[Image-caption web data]
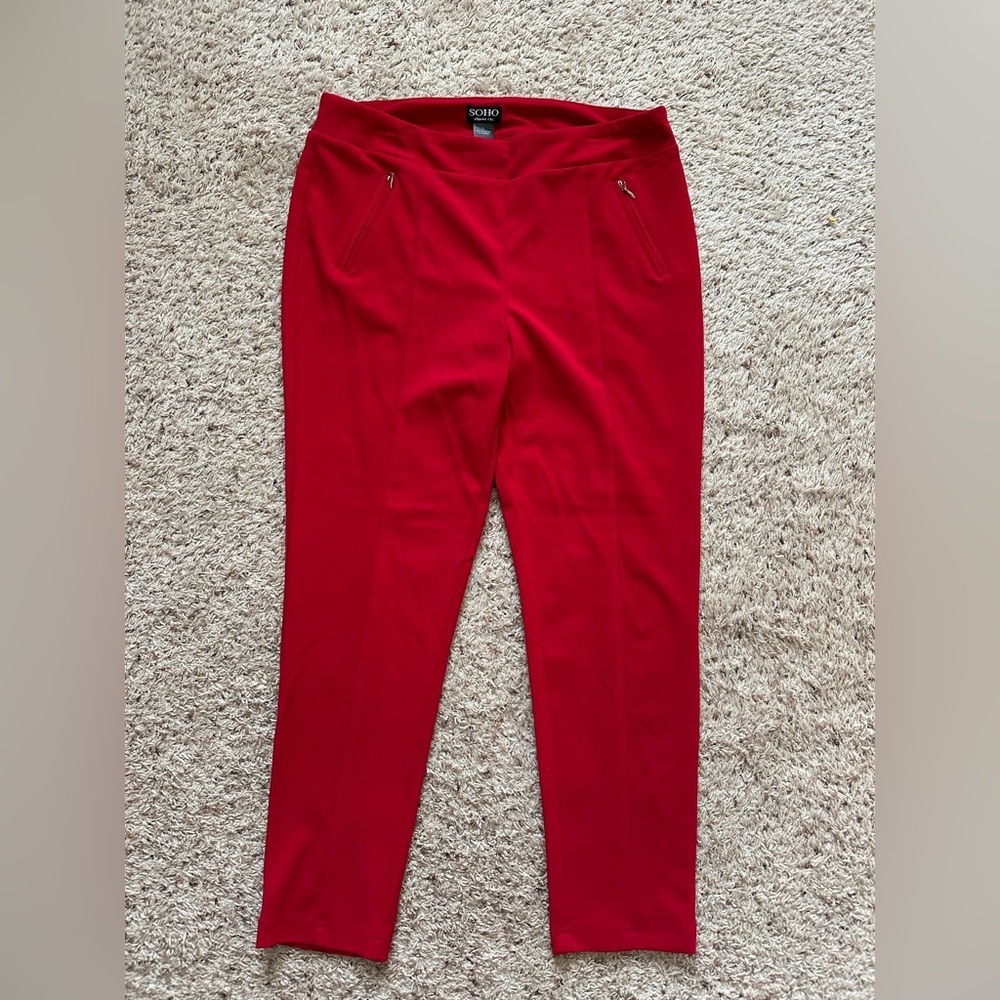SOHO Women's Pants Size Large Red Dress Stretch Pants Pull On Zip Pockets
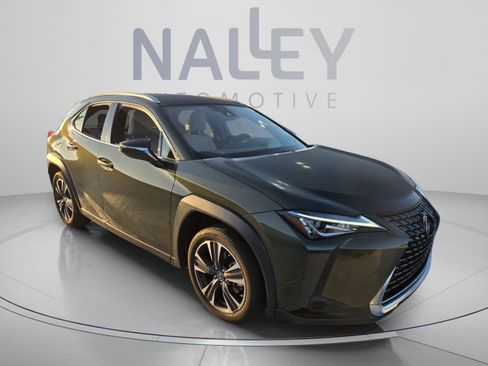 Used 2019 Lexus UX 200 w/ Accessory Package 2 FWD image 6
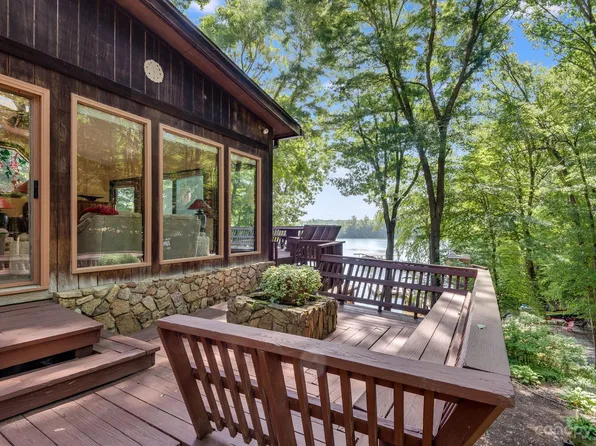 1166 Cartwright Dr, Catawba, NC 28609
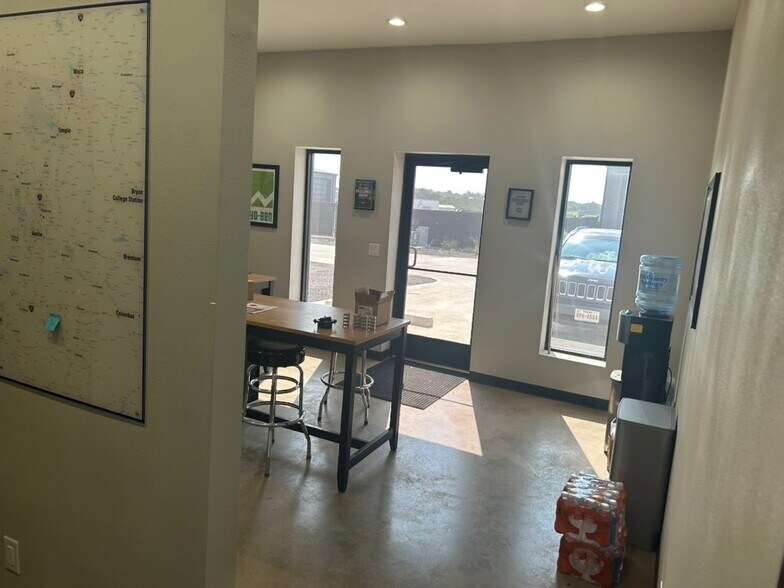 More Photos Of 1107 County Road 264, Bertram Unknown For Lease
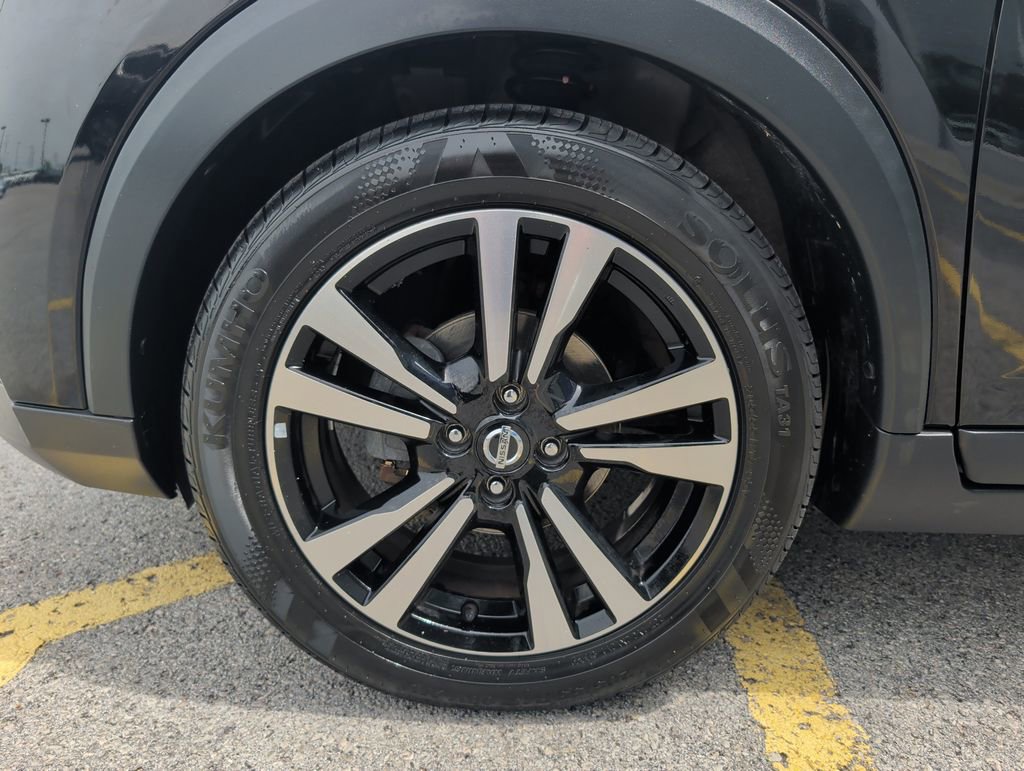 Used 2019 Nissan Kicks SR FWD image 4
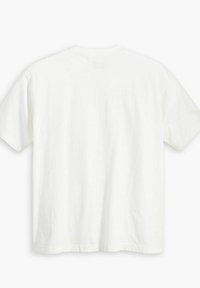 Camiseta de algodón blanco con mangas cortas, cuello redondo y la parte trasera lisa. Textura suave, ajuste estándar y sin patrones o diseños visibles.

INSTRUCTIONS TO FOLLOW | The lines to retype run from the one containing "1166 Cartwright Dr, Catawba, NC 28609" through the last line of the records above; write them exactly and skip the pictures.

SOLUTION FOR THIS PROBLEM |
 1166 Cartwright Dr, Catawba, NC 28609
 More Photos Of 1107 County Road 264, Bertram Unknown For Lease
 Used 2019 Nissan Kicks SR FWD image 4
 Camiseta de algodón blanco con mangas cortas, cuello redondo y la parte trasera lisa. Textura suave, ajuste estándar y sin patrones o diseños visibles.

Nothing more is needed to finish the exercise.